科学者たちは以前、黄色は体が古い血球を排出する過程から来るものだと知っていました。赤血球は通常約 120 日後に寿命を迎え、肝臓で分解されます。この過程の副産物であるビリルビンは、肝臓から腸に分泌される明るいオレンジ色の物質です。腸に生息する細菌がビリルビンをウロビリノーゲンと呼ばれる無色の物質に変換します。ウロビリノーゲンは最終的にウロビリンと呼ばれる黄色の色素分子に分解され、これが色付けに関与します。科学者たちは、原因となる細菌酵素を知りませんでした。

この酵素の特定は、主に 2 つの理由から、長い間微生物の謎となってきました。ブラントリー氏によると、最初の課題は、嫌気性微生物を研究室で培養することが歴史的に非常に困難で費用がかかったことです。

「この機能を果たす微生物は、大気中の酸素があると生きられません。数分または数秒以内に死んでしまいます」とホール氏は言う。「そして、それらは絶対に成長しません。
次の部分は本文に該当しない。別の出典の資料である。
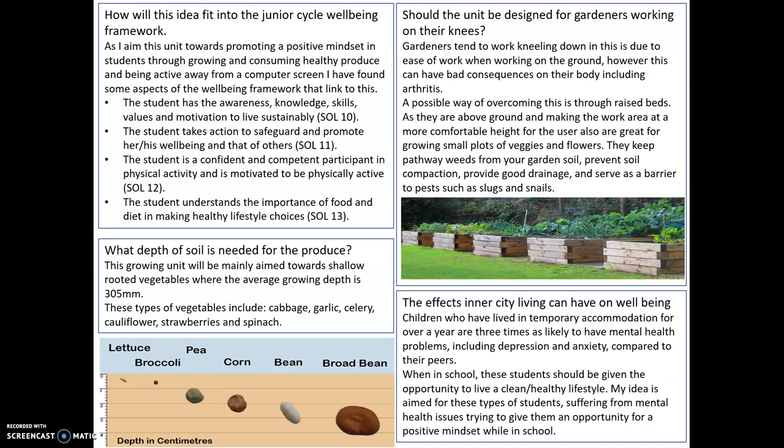The last one being the student understands the importance of food and diet and making healthy lifestyle choices. This is basically just getting the students to grow their own fruits and vegetables and getting them out of living off vending machine snacks and so on.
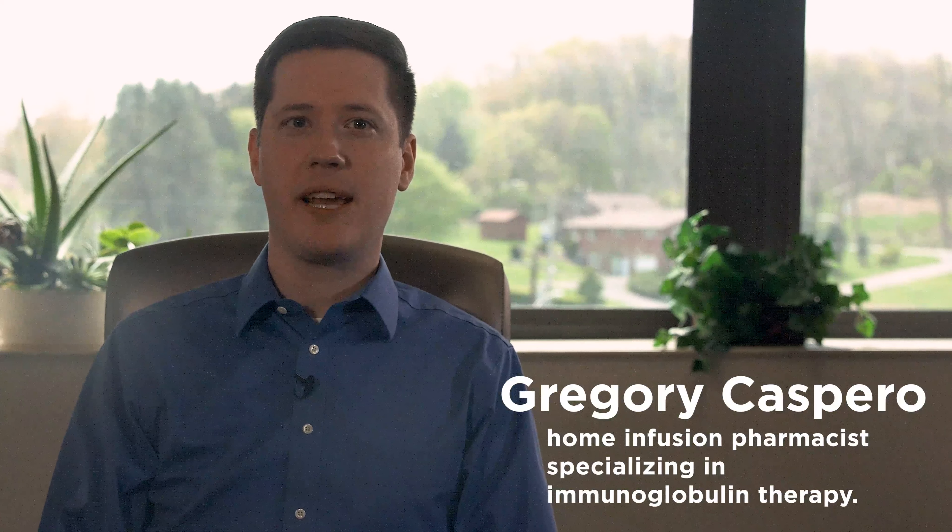Hello, my name is Gregory Casparo, and I'm a home infusion pharmacist specializing in immunoglobulin therapy. I will answer some frequently asked questions about subcutaneous immunoglobulin, also known as SCIG.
」

ブラントリー氏と研究チームは、過去 15 年間に達成された科学的進歩を活用して、酸素がなくても生存し、繁殖するこれらの微生物の培養に成功した。

2 つ目の課題は、腸内微生物叢のゲノム配列が不足していることです。遺伝子配列の最近の改善により、腸内微生物の働きを調べるために研究チームが利用できる配列が増えました。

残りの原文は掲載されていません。